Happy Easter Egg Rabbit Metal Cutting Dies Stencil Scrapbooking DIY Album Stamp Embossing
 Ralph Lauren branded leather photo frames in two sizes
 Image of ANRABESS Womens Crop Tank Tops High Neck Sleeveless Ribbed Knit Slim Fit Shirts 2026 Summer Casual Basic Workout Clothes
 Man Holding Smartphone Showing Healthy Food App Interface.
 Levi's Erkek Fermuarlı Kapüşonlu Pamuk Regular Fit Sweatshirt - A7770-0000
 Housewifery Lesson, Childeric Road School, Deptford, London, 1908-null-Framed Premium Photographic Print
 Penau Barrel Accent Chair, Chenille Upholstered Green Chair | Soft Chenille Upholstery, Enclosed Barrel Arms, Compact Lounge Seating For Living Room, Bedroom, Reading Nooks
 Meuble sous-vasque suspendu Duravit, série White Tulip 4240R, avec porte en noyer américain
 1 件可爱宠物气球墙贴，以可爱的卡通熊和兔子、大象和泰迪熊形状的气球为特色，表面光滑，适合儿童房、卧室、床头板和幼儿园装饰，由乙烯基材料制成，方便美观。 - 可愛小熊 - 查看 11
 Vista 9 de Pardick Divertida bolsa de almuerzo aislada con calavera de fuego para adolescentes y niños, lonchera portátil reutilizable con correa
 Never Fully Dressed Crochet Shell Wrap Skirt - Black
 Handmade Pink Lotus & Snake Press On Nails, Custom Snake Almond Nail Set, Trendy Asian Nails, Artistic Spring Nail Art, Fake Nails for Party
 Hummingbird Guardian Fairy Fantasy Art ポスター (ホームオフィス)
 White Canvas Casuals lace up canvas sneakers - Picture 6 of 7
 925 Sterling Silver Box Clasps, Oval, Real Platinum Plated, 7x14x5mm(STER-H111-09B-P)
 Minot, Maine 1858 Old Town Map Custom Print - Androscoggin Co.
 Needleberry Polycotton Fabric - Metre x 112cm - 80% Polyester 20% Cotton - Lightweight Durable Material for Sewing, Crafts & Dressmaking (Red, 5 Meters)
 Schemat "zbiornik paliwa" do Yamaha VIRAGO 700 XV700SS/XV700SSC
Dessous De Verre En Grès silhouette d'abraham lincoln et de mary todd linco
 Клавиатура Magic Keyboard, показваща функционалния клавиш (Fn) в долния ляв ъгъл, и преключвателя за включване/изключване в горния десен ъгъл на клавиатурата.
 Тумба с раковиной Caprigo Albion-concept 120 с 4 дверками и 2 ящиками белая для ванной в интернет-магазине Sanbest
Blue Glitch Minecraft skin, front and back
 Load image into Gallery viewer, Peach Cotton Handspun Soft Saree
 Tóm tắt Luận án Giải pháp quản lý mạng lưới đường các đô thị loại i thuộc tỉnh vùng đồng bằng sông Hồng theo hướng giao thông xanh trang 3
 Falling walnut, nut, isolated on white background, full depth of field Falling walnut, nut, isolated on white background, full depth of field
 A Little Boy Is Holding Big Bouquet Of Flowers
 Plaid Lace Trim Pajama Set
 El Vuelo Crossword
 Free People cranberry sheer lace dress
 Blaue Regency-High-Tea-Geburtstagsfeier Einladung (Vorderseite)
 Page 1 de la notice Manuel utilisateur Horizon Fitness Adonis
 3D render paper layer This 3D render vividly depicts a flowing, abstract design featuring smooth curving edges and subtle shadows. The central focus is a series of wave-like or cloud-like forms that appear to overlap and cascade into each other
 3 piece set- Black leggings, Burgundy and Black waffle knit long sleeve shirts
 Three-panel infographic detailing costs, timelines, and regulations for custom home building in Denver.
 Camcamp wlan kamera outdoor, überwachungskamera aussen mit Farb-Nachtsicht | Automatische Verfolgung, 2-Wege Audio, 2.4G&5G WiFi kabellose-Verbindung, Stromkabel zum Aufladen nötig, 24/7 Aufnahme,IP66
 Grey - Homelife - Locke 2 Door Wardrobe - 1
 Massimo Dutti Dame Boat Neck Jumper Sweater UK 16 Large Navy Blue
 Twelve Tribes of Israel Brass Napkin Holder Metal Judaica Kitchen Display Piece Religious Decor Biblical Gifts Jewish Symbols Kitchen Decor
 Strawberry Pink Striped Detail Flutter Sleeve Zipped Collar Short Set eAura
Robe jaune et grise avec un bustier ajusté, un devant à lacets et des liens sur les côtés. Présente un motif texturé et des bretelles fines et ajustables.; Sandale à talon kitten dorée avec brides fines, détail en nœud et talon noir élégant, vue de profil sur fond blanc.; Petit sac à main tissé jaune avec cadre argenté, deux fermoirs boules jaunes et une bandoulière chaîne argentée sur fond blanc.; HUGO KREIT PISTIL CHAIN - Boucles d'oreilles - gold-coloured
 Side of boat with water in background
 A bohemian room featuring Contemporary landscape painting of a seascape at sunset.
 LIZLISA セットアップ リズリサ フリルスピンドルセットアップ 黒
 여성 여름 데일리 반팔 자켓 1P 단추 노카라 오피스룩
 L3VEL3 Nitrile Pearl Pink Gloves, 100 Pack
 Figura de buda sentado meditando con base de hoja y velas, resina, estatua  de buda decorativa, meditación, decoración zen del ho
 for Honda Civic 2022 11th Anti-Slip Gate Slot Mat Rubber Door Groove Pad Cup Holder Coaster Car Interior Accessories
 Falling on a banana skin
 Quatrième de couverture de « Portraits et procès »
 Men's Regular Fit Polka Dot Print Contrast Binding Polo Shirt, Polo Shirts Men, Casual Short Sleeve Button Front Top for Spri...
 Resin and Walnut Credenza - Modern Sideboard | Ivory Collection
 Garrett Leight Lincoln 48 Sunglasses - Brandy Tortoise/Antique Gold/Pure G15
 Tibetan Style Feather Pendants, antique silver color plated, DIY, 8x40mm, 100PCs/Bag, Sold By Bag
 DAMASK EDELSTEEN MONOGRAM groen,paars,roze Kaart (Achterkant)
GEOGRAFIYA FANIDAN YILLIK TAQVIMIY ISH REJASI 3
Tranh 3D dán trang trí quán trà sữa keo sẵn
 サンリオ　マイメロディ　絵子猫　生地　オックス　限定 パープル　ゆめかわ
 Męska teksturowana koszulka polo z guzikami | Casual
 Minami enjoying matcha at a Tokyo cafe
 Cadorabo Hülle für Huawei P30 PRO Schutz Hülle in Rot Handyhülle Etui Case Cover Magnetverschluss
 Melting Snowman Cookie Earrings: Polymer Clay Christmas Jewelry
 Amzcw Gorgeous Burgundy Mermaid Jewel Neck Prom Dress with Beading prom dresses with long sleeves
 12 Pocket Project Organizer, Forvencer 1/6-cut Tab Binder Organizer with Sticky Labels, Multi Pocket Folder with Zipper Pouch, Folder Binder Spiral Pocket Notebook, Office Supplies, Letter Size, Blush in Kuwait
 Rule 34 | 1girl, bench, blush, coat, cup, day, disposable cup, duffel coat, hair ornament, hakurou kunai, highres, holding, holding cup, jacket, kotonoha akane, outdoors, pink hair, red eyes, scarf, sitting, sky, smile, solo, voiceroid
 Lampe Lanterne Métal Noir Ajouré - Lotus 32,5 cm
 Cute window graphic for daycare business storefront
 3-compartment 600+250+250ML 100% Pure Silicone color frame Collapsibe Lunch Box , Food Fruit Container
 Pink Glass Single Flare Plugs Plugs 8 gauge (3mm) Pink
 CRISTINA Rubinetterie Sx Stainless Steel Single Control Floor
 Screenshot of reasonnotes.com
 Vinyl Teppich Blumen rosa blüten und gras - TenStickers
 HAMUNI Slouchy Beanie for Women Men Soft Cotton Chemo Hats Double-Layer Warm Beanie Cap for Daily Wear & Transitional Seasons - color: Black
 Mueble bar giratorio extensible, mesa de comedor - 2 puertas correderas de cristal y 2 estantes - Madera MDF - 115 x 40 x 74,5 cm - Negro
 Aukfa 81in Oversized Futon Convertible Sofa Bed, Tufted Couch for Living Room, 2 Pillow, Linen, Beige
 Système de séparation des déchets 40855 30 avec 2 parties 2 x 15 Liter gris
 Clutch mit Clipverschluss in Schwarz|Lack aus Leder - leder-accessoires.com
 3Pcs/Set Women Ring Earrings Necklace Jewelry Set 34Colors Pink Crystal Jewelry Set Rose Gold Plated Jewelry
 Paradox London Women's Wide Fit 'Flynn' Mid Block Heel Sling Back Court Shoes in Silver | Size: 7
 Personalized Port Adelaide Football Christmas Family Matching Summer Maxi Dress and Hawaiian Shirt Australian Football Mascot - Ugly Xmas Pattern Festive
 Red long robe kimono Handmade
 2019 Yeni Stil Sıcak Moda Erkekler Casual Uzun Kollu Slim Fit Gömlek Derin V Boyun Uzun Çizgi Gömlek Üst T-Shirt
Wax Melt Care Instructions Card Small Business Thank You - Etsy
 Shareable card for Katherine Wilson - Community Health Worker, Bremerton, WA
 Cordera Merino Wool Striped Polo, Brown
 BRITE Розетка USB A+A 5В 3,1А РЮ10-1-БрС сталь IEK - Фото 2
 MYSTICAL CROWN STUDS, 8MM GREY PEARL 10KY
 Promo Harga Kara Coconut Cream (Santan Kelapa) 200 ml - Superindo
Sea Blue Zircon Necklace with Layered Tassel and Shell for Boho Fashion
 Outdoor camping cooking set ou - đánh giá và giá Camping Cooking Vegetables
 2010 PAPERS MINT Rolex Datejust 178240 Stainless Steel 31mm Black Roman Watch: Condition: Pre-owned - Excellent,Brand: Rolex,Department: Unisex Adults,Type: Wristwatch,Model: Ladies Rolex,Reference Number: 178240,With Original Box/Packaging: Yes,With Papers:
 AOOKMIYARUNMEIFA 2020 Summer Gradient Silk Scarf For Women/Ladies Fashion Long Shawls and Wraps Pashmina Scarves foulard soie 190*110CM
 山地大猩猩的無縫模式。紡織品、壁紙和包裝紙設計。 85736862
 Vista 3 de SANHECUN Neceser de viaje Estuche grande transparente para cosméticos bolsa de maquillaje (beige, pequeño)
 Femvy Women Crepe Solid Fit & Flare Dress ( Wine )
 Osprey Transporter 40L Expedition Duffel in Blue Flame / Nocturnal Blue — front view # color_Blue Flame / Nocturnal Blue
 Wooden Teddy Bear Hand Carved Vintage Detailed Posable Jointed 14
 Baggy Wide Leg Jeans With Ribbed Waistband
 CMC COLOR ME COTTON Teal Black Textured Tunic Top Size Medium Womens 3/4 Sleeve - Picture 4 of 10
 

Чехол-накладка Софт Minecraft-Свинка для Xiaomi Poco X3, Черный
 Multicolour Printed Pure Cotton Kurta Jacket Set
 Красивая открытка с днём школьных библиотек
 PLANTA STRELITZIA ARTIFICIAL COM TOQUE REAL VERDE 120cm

* PROBLEM TO SOLVE
Among the records above, only the lines between the line holding "Penau Barrel Accent" and the line holding "VIRAGO 700 XV700SS/XV700SSC", inclusive, are to be output, exactly as written.

* REPLY TO THE TASK
 Penau Barrel Accent Chair, Chenille Upholstered Green Chair | Soft Chenille Upholstery, Enclosed Barrel Arms, Compact Lounge Seating For Living Room, Bedroom, Reading Nooks
 Meuble sous-vasque suspendu Duravit, série White Tulip 4240R, avec porte en noyer américain
 1 件可爱宠物气球墙贴，以可爱的卡通熊和兔子、大象和泰迪熊形状的气球为特色，表面光滑，适合儿童房、卧室、床头板和幼儿园装饰，由乙烯基材料制成，方便美观。 - 可愛小熊 - 查看 11
 Vista 9 de Pardick Divertida bolsa de almuerzo aislada con calavera de fuego para adolescentes y niños, lonchera portátil reutilizable con correa
 Never Fully Dressed Crochet Shell Wrap Skirt - Black
 Handmade Pink Lotus & Snake Press On Nails, Custom Snake Almond Nail Set, Trendy Asian Nails, Artistic Spring Nail Art, Fake Nails for Party
 Hummingbird Guardian Fairy Fantasy Art ポスター (ホームオフィス)
 White Canvas Casuals lace up canvas sneakers - Picture 6 of 7
 925 Sterling Silver Box Clasps, Oval, Real Platinum Plated, 7x14x5mm(STER-H111-09B-P)
 Minot, Maine 1858 Old Town Map Custom Print - Androscoggin Co.
 Needleberry Polycotton Fabric - Metre x 112cm - 80% Polyester 20% Cotton - Lightweight Durable Material for Sewing, Crafts & Dressmaking (Red, 5 Meters)
 Schemat "zbiornik paliwa" do Yamaha VIRAGO 700 XV700SS/XV700SSC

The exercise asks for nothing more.